Symptoms of adrenal insufficiency include fatigue, nausea, vomiting, loss of appetite, weight loss, muscle pain, and abdominal pain. In severe cases, it can become a medical emergency. The risk depends on dose and duration:
- Low risk (no taper usually needed): Less than 3 weeks of use, or alternate-day dosing under 10 mg.
- Moderate risk (gradual taper recommended): 10 to 20 mg per day for more than 3 weeks, or under 10 mg daily for more than a few weeks.
- High risk (taper required): 20 mg or more per day for over 3 weeks, 5 mg or more taken in the evening for more than a few weeks, or if you’ve developed a Cushingoid appearance (moon face, weight redistribution).
If you’ve been on oral steroids for more than a few weeks, never stop without a plan from your prescriber. Tapering means gradually reducing the dose to give your adrenal glands time to resume normal cortisol production.

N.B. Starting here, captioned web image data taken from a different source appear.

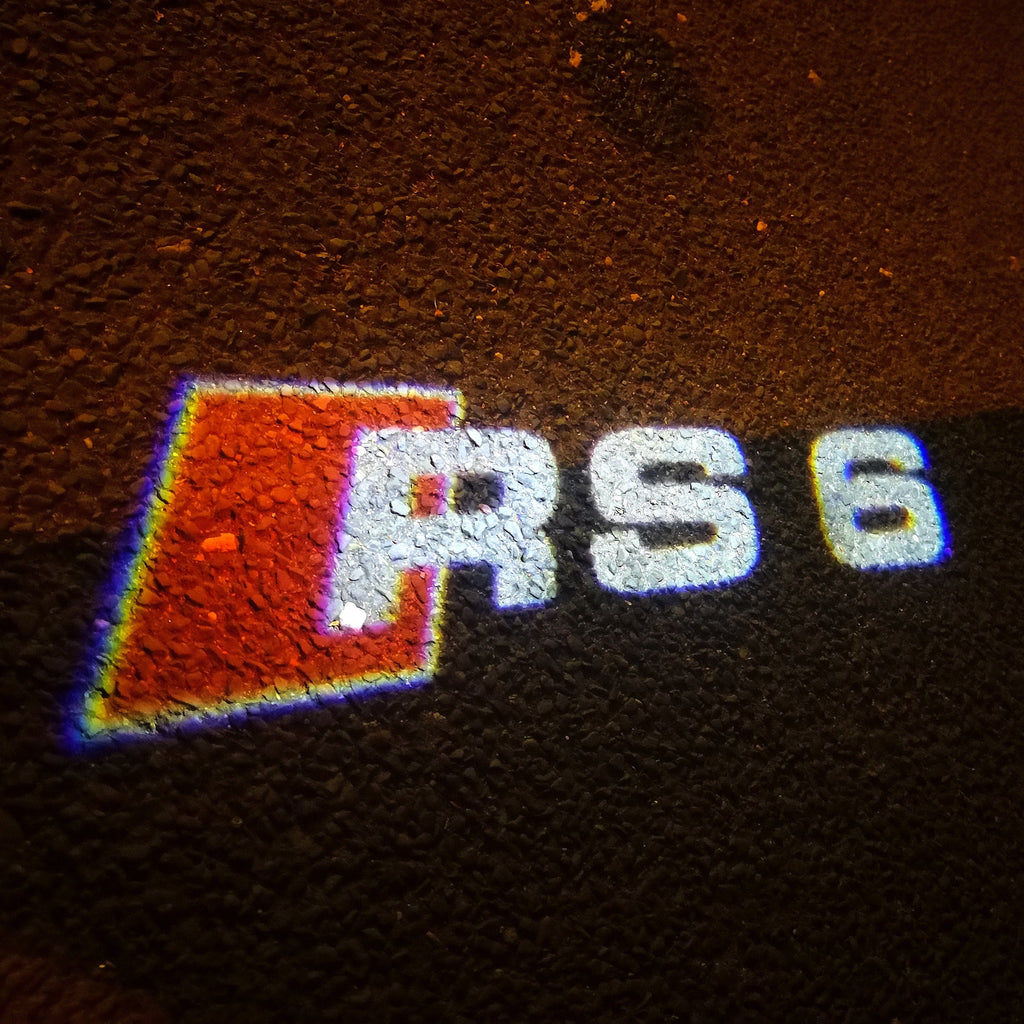 AUDI LOGO PROJECTOT LIGHTS Nr.55 (quantité 1 = 2 Logo Films /2 feux de porte)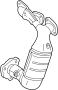 Image of Catalytic Converter with Integrated Exhaust Manifold. A catalytic converter. image for your 2011 Mazda Miata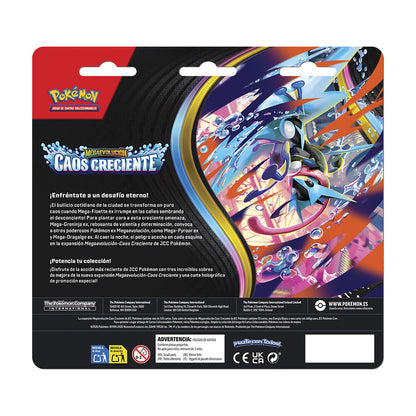 Spanish Pokemon Megaevolution pack of card games 3 envelopes Nerdscape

How Dose and Duration Shape Risk
Nearly every risk associated with oral steroids follows a dose-response pattern. A 5-day burst of prednisone for a poison ivy rash is a fundamentally different experience from taking 15 mg daily for six months to manage lupus. The short course might cause some restlessness and a bigger appetite for a week. The longer course requires ongoing blood work, bone protection, and vigilant infection monitoring.
For short courses under three weeks, the main concerns are sleep disruption, mood changes, blood sugar spikes (especially if you have diabetes), and temporary blood pressure elevation. These effects are real but almost always reversible. For longer courses, the cumulative effects on bones, metabolism, immune function, and the adrenal glands become the primary safety concerns, and they require active management rather than just watchful waiting.
The bottom line is that oral steroids are a powerful tool with a well-understood risk profile. They’re safe enough that doctors prescribe them for hundreds of different conditions, but their safety depends heavily on using the lowest effective dose for the shortest time possible, with appropriate monitoring and protective measures when longer courses are necessary.